Is Natural England shifting towards a better balance for the uplands?

Upland farmers need not be left out of the challenge of increasing food production, an NFU conference early bird meeting has heard.

While speakers from Defra and Natural England stressed the importance of sustainable intensification, there was what outgoing NFU uplands spokesman Will Cockbain recognised as a new willingness to “have the debate” on issues around stocking densities and ‘productive’ farming.

For Natural England that has meant a move away from its controversial Uplands Vision document of 2009, which chairman Poul Christensen said had ‘let his organisation down badly’.

“We told rather than listened and I’m very sorry how people perceived it,” he said.

The critical reception in many quarters had at least provided useful feedback for Defra’s current uplands review, Mr Christensen added, going on to describe a subsequent “reinvigoration” of the UELS delivery programme as undertaken “both to put food on the table and to maintain some of England’s most important landscapes”.

When asked directly about the importance of the food production in the hills, he said: "On a practical level it's about achieving balance. If you want to increase food production you need more sheep, but that comes down to local discussions about what stocking should be. In some places you can increase it, in others you won’t be able to, but I’m up for looking at that.”

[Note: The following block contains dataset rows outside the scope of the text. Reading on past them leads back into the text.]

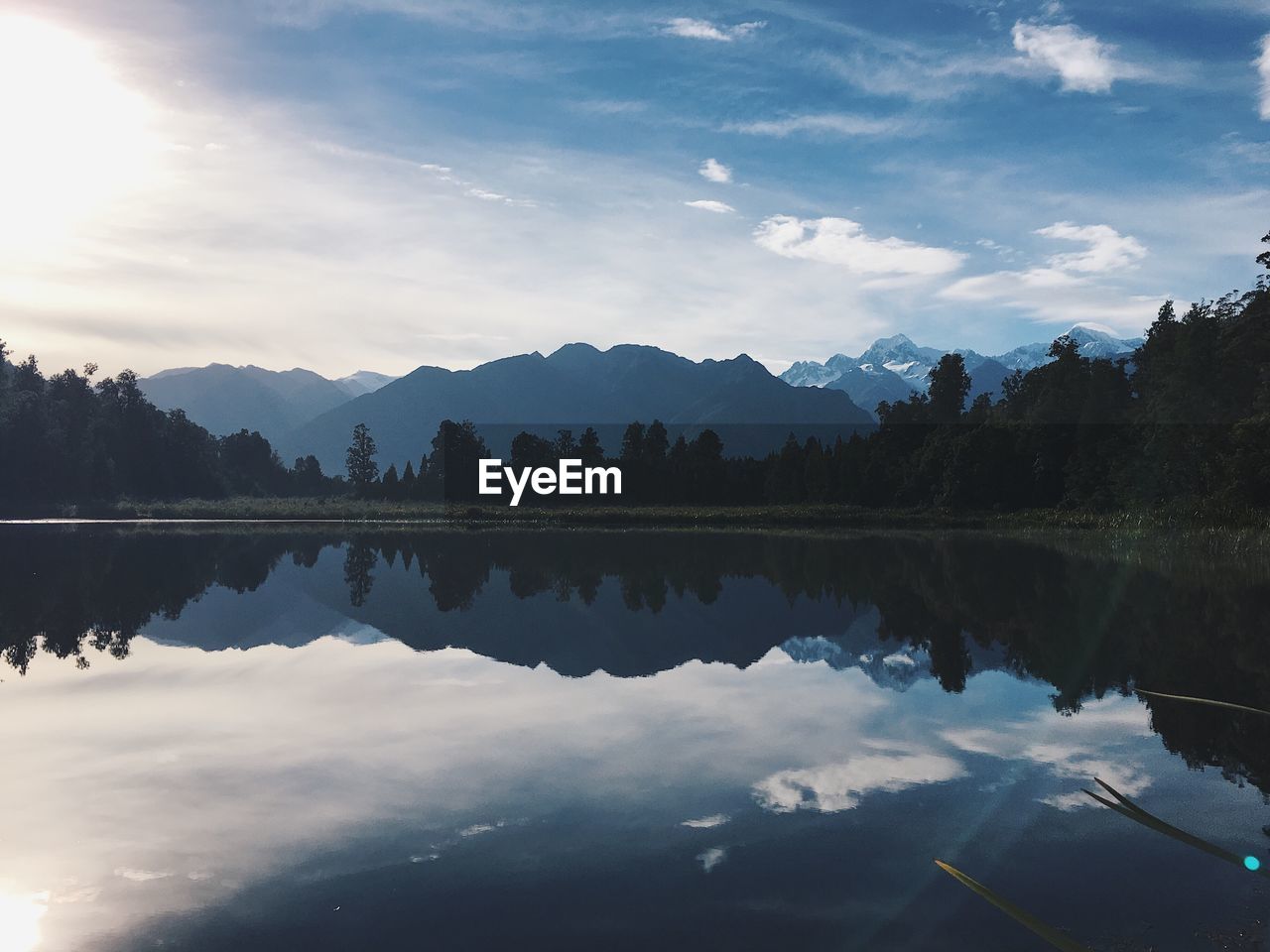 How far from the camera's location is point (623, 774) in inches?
401

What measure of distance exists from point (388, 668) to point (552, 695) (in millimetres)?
4013

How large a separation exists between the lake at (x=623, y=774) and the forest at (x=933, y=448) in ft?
145

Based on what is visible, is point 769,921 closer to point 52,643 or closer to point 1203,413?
point 52,643

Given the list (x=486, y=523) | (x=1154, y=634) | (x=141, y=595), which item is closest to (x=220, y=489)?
(x=486, y=523)

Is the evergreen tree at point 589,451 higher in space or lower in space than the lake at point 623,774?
higher

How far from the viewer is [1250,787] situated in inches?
386

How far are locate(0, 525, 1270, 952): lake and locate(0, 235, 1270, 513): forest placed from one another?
1744 inches

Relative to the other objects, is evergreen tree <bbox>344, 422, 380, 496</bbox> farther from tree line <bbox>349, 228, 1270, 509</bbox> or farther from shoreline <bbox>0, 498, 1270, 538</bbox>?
shoreline <bbox>0, 498, 1270, 538</bbox>

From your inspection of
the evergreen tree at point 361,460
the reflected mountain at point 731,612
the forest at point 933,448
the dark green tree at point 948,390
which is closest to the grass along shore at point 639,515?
the forest at point 933,448

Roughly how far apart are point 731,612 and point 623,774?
14743 mm

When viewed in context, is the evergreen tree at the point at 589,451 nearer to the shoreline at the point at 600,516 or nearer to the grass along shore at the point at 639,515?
the grass along shore at the point at 639,515

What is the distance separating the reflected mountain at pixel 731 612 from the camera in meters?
16.6

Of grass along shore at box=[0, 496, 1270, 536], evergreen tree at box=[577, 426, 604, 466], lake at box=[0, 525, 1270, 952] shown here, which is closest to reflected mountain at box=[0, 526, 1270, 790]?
lake at box=[0, 525, 1270, 952]

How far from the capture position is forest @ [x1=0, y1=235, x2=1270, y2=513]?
68.0m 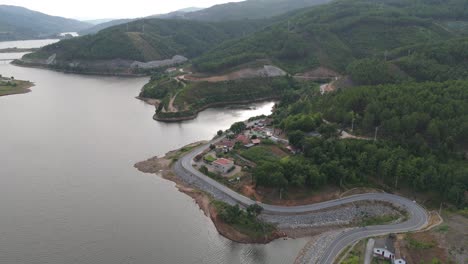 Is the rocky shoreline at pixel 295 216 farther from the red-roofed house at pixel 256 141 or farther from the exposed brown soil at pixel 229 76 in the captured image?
the exposed brown soil at pixel 229 76

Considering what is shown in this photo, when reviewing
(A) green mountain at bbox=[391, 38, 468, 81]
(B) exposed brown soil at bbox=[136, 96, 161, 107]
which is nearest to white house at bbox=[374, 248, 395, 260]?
(A) green mountain at bbox=[391, 38, 468, 81]

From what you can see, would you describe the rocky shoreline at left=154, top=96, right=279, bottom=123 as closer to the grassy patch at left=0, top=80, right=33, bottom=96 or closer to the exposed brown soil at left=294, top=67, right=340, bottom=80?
the exposed brown soil at left=294, top=67, right=340, bottom=80

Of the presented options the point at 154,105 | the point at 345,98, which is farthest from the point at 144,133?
the point at 345,98

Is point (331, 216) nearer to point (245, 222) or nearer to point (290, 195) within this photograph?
point (290, 195)

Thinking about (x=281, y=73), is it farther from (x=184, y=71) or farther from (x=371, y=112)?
(x=371, y=112)

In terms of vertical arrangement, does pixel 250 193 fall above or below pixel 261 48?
below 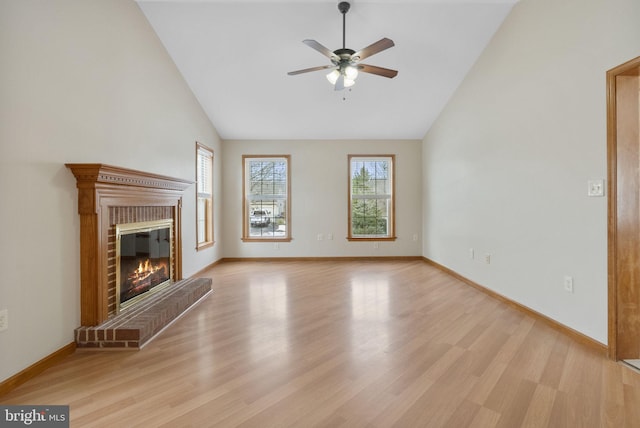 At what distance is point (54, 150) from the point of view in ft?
7.22

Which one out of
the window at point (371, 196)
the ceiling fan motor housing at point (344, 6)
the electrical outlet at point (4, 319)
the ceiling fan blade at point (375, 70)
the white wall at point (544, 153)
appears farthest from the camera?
the window at point (371, 196)

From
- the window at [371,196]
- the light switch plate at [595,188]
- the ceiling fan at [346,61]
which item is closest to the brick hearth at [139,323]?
the ceiling fan at [346,61]

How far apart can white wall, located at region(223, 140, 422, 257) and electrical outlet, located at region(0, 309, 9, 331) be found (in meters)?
4.27

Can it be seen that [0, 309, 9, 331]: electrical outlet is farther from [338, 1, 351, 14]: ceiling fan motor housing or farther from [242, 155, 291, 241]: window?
[242, 155, 291, 241]: window

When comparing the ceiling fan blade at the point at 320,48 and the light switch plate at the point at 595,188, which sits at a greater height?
the ceiling fan blade at the point at 320,48

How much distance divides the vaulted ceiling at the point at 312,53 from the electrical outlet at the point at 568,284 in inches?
111

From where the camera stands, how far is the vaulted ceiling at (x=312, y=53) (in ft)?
10.9

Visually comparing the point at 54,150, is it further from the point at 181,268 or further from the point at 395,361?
the point at 395,361

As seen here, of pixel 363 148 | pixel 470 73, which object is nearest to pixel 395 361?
pixel 470 73

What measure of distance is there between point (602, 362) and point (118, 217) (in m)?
4.03

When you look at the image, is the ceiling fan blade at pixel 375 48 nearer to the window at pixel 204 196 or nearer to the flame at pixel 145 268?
the flame at pixel 145 268

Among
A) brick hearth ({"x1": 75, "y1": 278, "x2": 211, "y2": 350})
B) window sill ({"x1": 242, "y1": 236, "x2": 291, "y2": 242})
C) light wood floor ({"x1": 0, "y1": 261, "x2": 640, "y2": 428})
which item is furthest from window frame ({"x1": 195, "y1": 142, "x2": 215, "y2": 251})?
light wood floor ({"x1": 0, "y1": 261, "x2": 640, "y2": 428})

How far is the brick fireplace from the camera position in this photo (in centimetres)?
237

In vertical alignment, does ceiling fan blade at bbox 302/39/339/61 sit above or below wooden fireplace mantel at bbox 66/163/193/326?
above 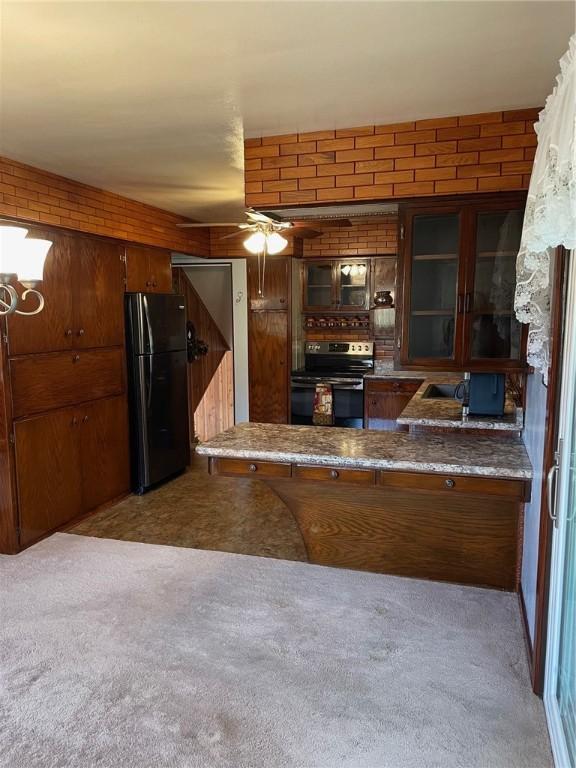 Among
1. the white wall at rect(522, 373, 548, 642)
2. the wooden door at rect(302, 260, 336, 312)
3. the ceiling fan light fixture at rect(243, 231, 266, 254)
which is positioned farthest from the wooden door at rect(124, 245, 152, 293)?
the white wall at rect(522, 373, 548, 642)

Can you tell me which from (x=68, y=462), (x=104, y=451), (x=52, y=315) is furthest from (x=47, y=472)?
(x=52, y=315)

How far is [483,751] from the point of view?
5.87ft

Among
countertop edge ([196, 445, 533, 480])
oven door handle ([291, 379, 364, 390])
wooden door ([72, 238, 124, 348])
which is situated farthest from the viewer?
oven door handle ([291, 379, 364, 390])

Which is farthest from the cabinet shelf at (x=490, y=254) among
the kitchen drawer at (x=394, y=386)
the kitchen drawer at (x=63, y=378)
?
the kitchen drawer at (x=63, y=378)

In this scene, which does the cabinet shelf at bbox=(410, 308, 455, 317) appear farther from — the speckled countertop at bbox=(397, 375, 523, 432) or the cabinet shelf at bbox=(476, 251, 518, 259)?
the speckled countertop at bbox=(397, 375, 523, 432)

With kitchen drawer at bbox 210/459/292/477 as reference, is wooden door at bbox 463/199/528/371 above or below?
above

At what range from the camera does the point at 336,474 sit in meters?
2.58

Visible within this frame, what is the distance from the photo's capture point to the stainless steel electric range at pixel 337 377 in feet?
18.4

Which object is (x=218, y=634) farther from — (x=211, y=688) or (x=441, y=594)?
(x=441, y=594)

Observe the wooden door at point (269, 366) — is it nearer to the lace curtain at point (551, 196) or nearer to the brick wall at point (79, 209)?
the brick wall at point (79, 209)

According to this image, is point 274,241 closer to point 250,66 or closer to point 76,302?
point 76,302

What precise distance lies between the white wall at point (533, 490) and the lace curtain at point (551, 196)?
48 cm

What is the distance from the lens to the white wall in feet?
7.14

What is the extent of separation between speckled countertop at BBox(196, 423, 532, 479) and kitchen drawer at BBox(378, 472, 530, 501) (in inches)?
1.3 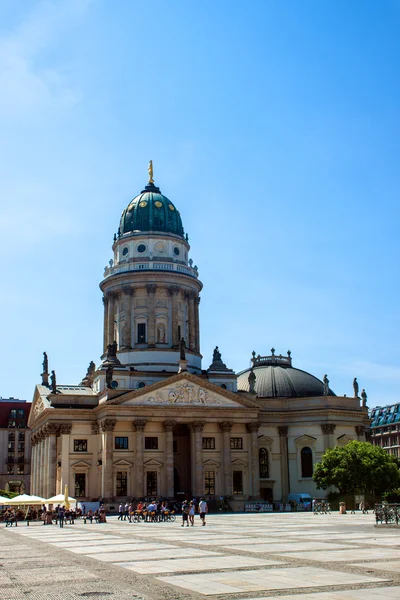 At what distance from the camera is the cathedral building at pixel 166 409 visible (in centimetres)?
7906

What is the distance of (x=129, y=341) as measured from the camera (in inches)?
3597

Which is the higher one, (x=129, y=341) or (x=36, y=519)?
(x=129, y=341)

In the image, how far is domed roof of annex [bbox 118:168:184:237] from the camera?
9681 cm

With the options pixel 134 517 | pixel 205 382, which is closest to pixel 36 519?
pixel 134 517

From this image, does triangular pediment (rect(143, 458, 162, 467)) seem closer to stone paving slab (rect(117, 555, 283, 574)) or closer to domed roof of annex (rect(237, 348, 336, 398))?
domed roof of annex (rect(237, 348, 336, 398))

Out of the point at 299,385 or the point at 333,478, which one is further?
the point at 299,385

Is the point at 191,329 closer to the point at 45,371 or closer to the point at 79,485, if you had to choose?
the point at 45,371

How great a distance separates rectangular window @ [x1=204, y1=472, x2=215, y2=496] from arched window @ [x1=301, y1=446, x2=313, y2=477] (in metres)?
12.3

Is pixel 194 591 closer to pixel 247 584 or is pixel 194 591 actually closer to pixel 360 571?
pixel 247 584

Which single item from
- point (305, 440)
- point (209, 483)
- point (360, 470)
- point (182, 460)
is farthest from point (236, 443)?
point (360, 470)

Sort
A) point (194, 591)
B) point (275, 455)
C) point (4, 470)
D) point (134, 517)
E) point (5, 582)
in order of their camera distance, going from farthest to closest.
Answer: point (4, 470) → point (275, 455) → point (134, 517) → point (5, 582) → point (194, 591)

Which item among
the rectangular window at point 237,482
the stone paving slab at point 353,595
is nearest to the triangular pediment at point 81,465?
the rectangular window at point 237,482

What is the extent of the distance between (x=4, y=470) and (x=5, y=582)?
11780cm

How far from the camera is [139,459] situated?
7806 cm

The hill sector was in many ways ahead of the curve in terms of the sustainable intensification drive, he said, because its inputs were so low.

Returning to a theme of constructive discussion with farmers on the ground, he concluded: “Where and how to burn, optimum stocking levels, predator and raptor control – not one of those issues is easy but I feel that Natural England has matured over recent years. There’s no substitute for sitting down and making the most of local expertise and knowledge.”

While Natural England moves away from its mission statement of 2009, Defra is in the middle of putting together a new blueprint. Robin Mortimer, the department’s Director for Wildlife, Landscape and Rural Areas took delegates through an Uplands Policy Review launched in March last year with three aims:
• Supporting English hill farmers
• Delivering public goods from the uplands
• Sustaining uplands communities

A rural statement is expected in late spring of this year, but there was more encouragement for those with aspirations of increasing upland food production in Mr Mortimer’s thoughts on the Uplands Green Food Project, a component of the policy review work.

He said: “The shift in policy within the Uplands Green Food Project is that environmental outcomes cannot be delivered instead of food production – it has to be alongside it. Too often the trade-offs are not understood and thought though. It’s not a case of saying ‘we’ll leave the uplands to environmental outcomes only’.”